TASK STATEMENT: Leave out the pictures and print the rest of the entries exactly as they stand.

SOURCE RECORDS:
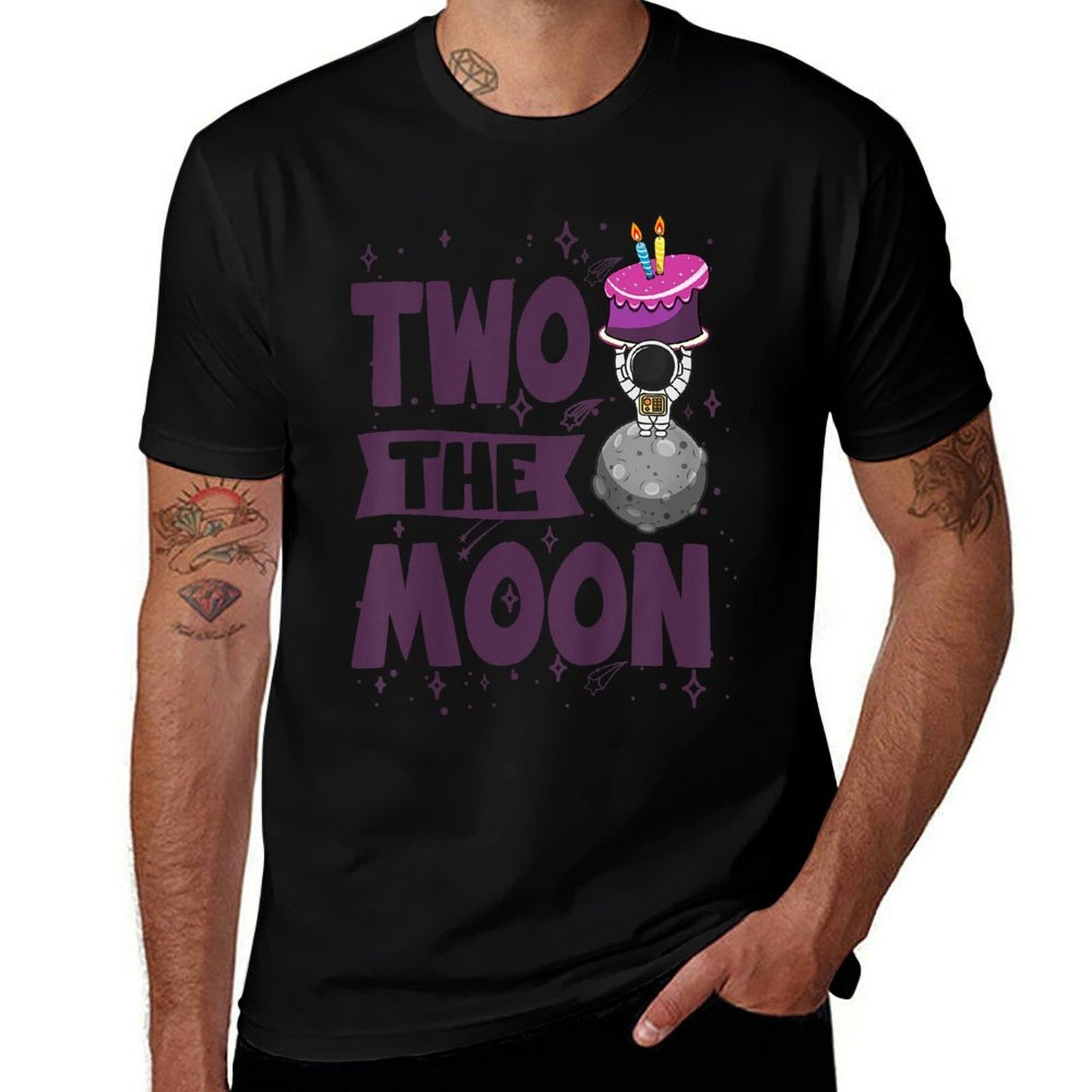 Kids TWO THE MOON Girls 2nd Birthday Gift For 2 Year Old  Slim-fit Cut T-Shirt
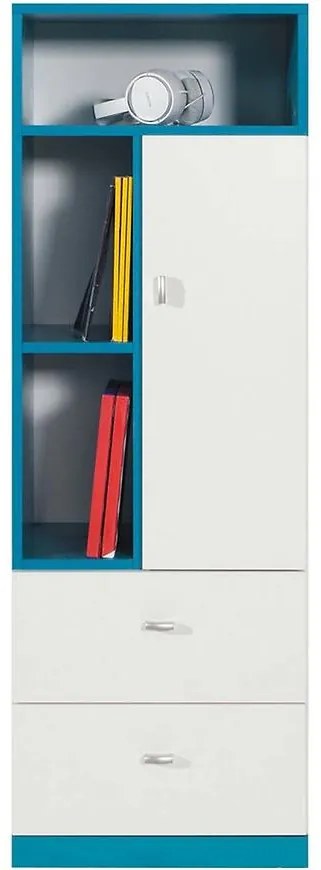 Regál Mobi Mo-7 biela/tyrkysový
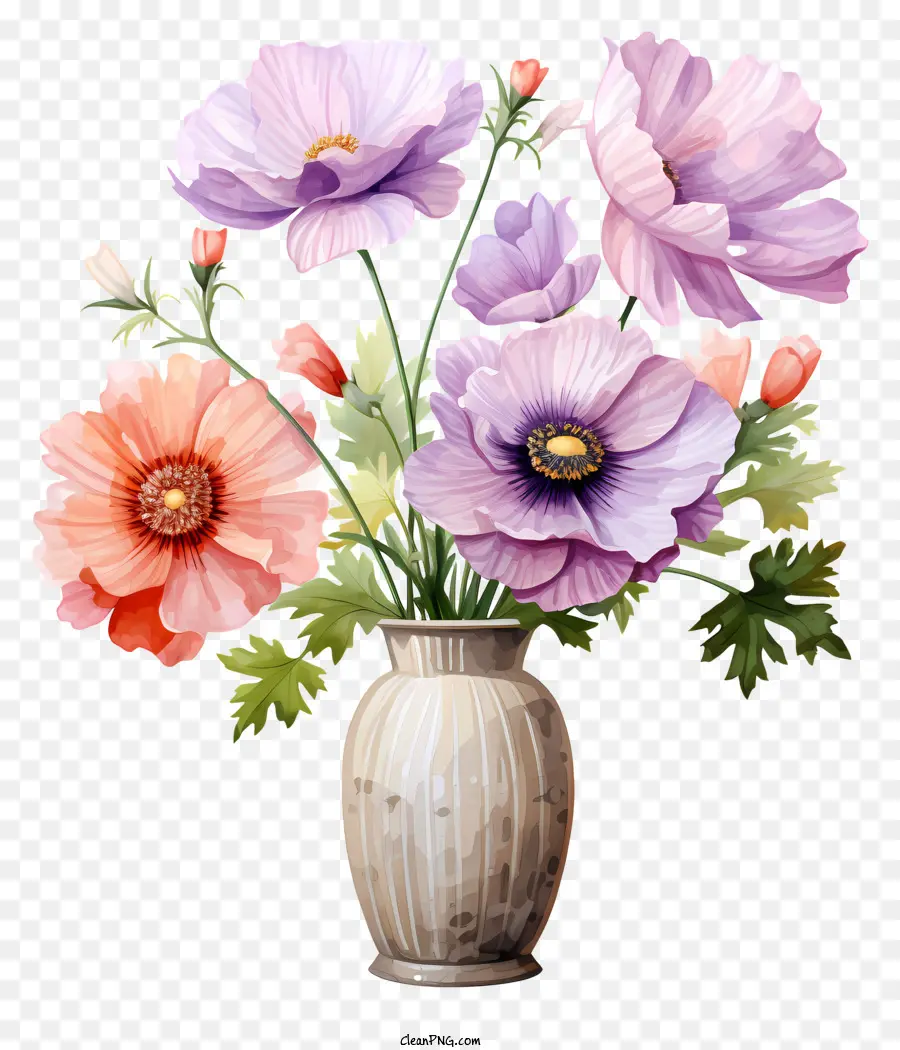 Fleur Aquarelle En Vase，Vase PNG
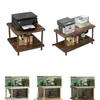 Mesa Pequeña de Madera Maciza, Mesa Lateral para Sofá, Mesa de Café para Sala de Estar con Estante de Almacenamiento, Mesa Cuadrada para Apartamentos Pequeños, Estante para Acuario e Impresora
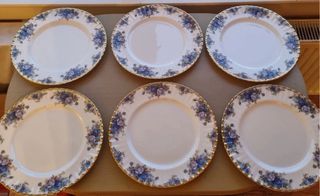 6 Piatti in Porcellana Decorati Blu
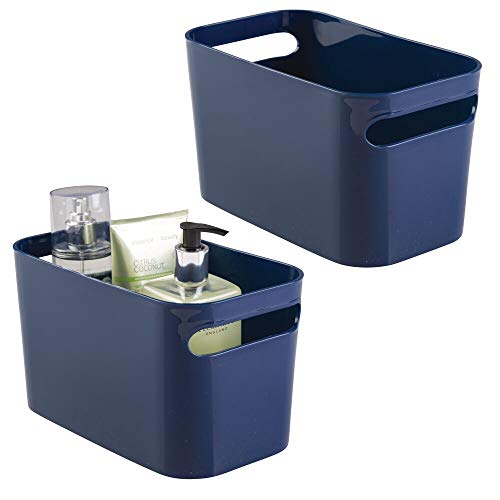 Product Cover mDesign Deep Plastic Bathroom Vanity Storage Bin with Handles - Organizer for Hand Soap, Body Wash, Shampoo, Lotion, Conditioner, Hand Towel, Hair Brush, Mouthwash - 10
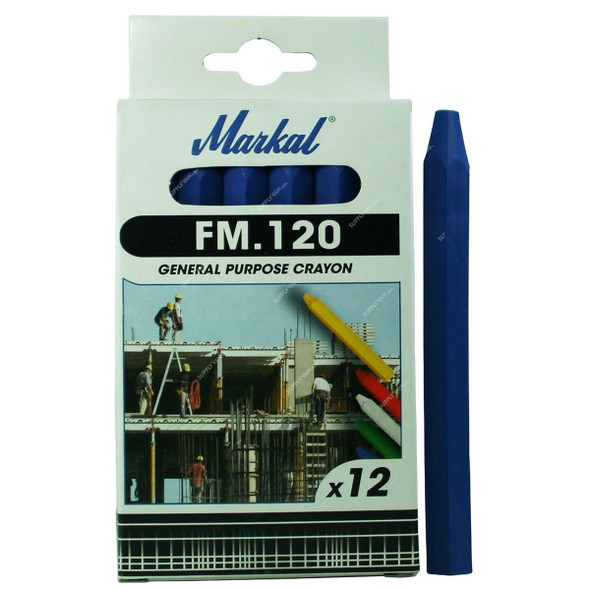 Markal General Purpose Crayon, FM-120, Blue, 12 Pcs/Pack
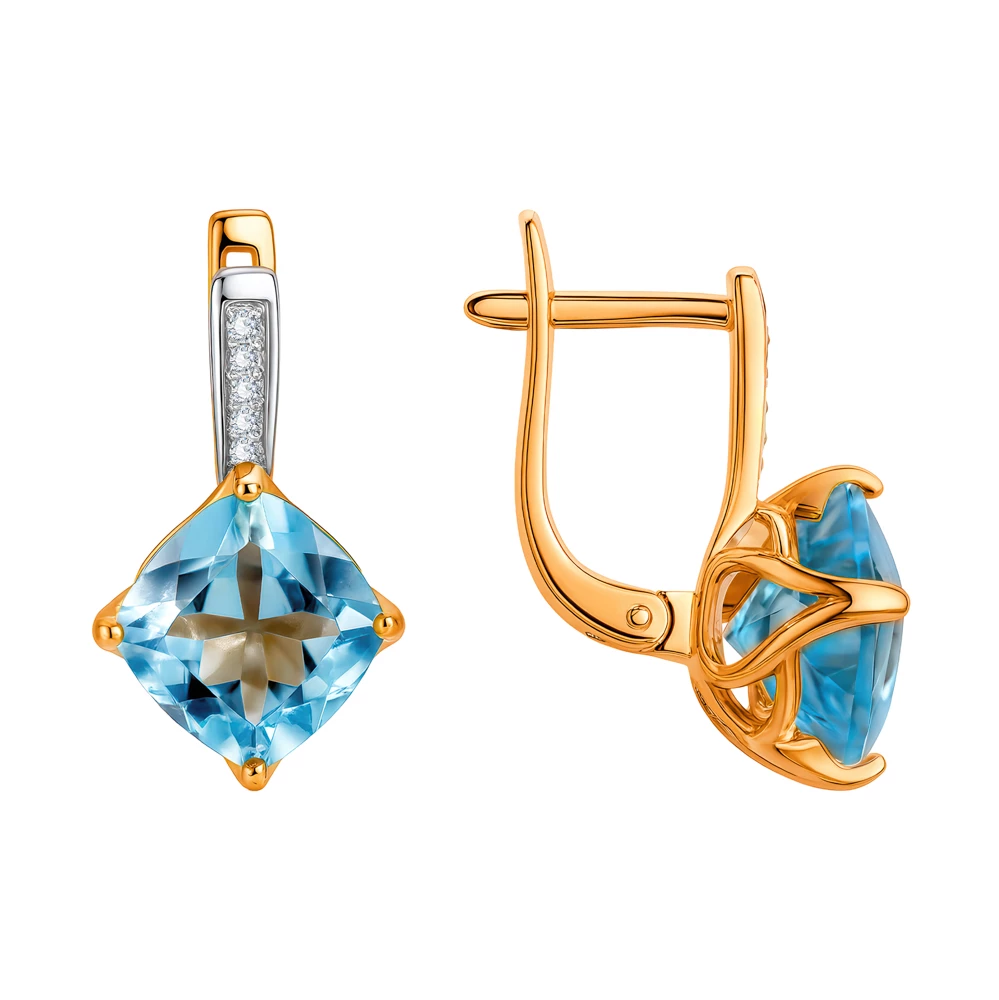 Серьги с топазами и бриллиантами из красного золота 585 пробы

EXERCISE ANSWER:
 Kids TWO THE MOON Girls 2nd Birthday Gift For 2 Year Old  Slim-fit Cut T-Shirt
 Regál Mobi Mo-7 biela/tyrkysový
 Fleur Aquarelle En Vase，Vase PNG
 Mesa Pequeña de Madera Maciza, Mesa Lateral para Sofá, Mesa de Café para Sala de Estar con Estante de Almacenamiento, Mesa Cuadrada para Apartamentos Pequeños, Estante para Acuario e Impresora
 6 Piatti in Porcellana Decorati Blu
 Product Cover mDesign Deep Plastic Bathroom Vanity Storage Bin with Handles - Organizer for Hand Soap, Body Wash, Shampoo, Lotion, Conditioner, Hand Towel, Hair Brush, Mouthwash - 10
 Markal General Purpose Crayon, FM-120, Blue, 12 Pcs/Pack
 Серьги с топазами и бриллиантами из красного золота 585 пробы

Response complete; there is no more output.